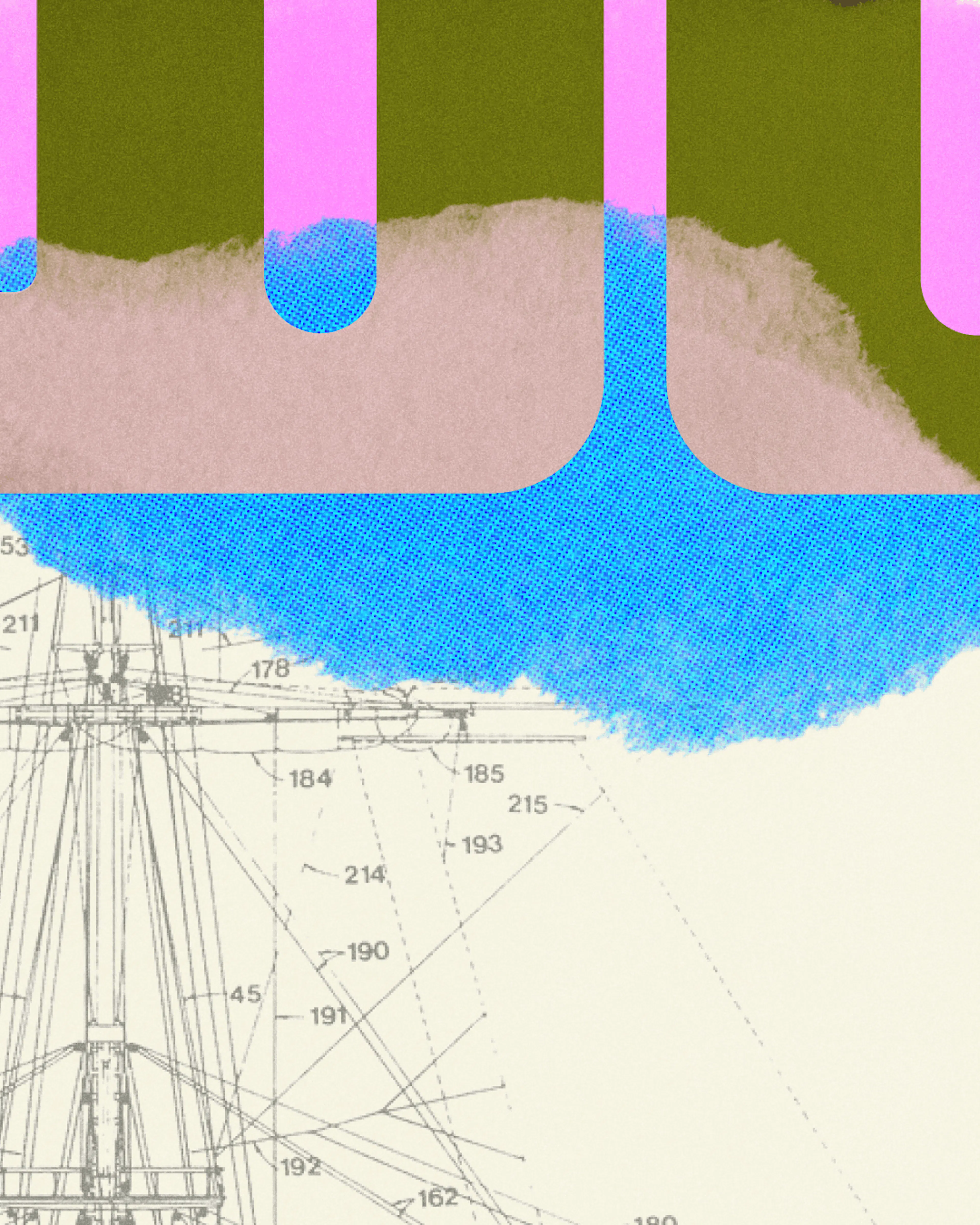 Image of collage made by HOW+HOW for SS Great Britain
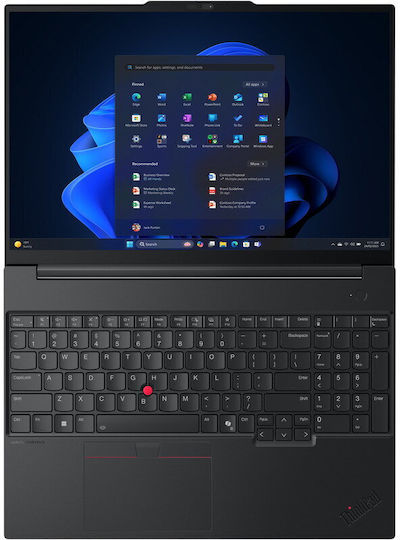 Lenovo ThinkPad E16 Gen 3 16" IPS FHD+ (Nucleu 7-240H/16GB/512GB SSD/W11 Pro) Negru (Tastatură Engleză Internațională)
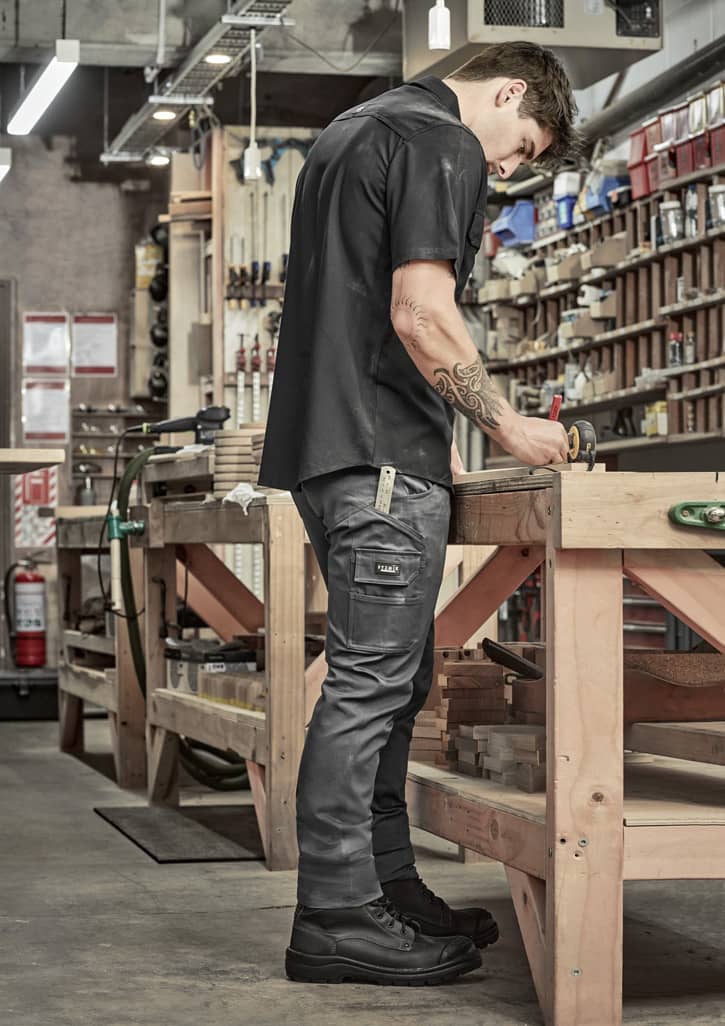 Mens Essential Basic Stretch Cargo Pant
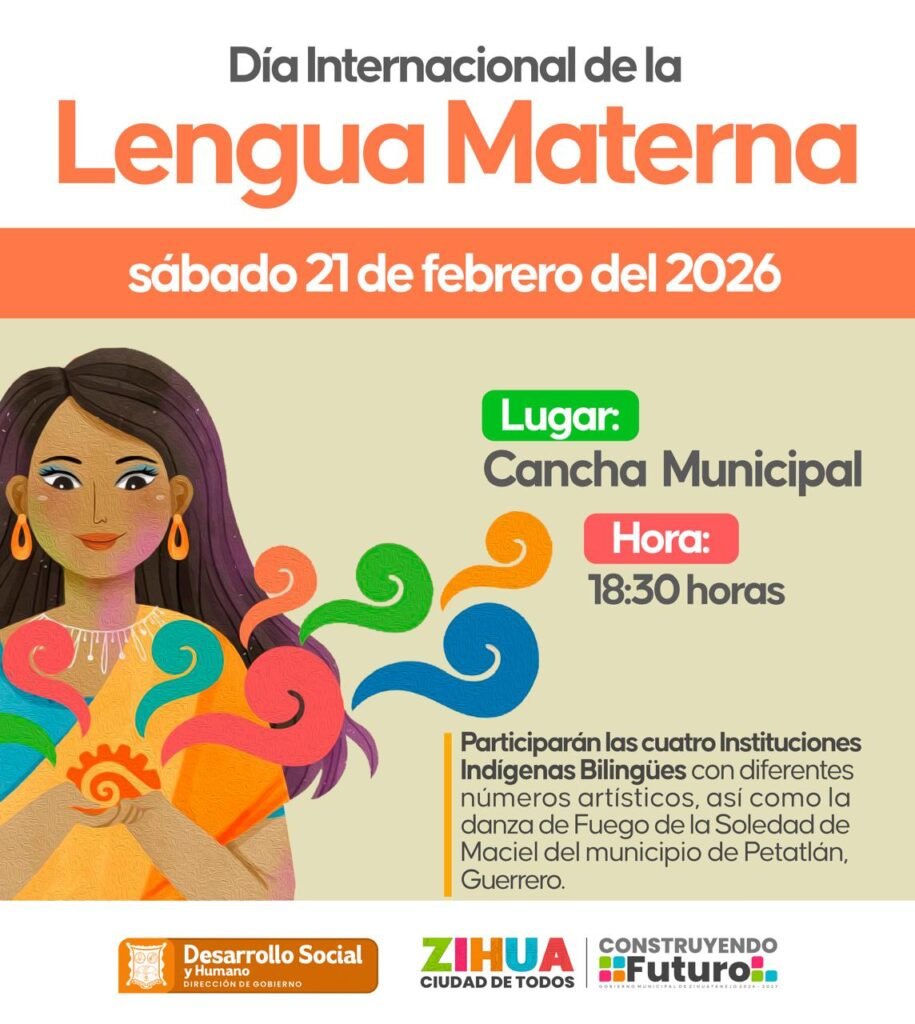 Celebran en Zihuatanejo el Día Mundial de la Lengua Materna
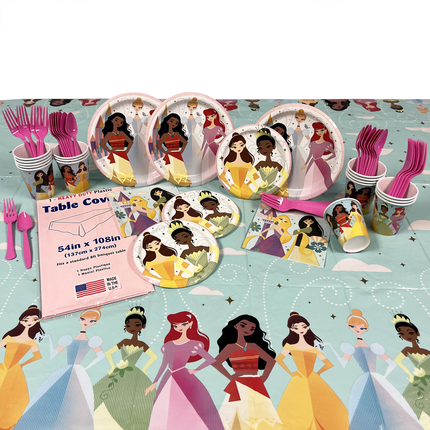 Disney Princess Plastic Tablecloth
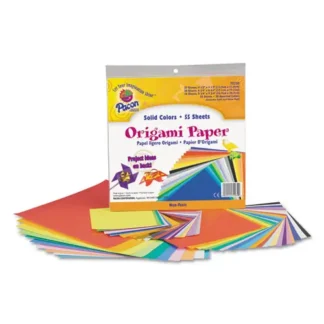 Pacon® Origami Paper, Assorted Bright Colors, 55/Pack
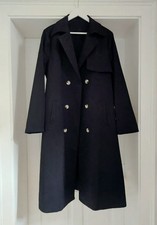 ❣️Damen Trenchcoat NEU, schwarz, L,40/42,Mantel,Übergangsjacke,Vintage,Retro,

=-=-=-=-=

> [WHAT TO DO]: Write out each record exactly as shown, but not its pictures.

> [ANSWER TO THIS EXERCISE]:
 Image of collage made by HOW+HOW for SS Great Britain
 Lenovo ThinkPad E16 Gen 3 16" IPS FHD+ (Nucleu 7-240H/16GB/512GB SSD/W11 Pro) Negru (Tastatură Engleză Internațională)
 Mens Essential Basic Stretch Cargo Pant
 Celebran en Zihuatanejo el Día Mundial de la Lengua Materna
 Disney Princess Plastic Tablecloth
 Pacon® Origami Paper, Assorted Bright Colors, 55/Pack
 ❣️Damen Trenchcoat NEU, schwarz, L,40/42,Mantel,Übergangsjacke,Vintage,Retro,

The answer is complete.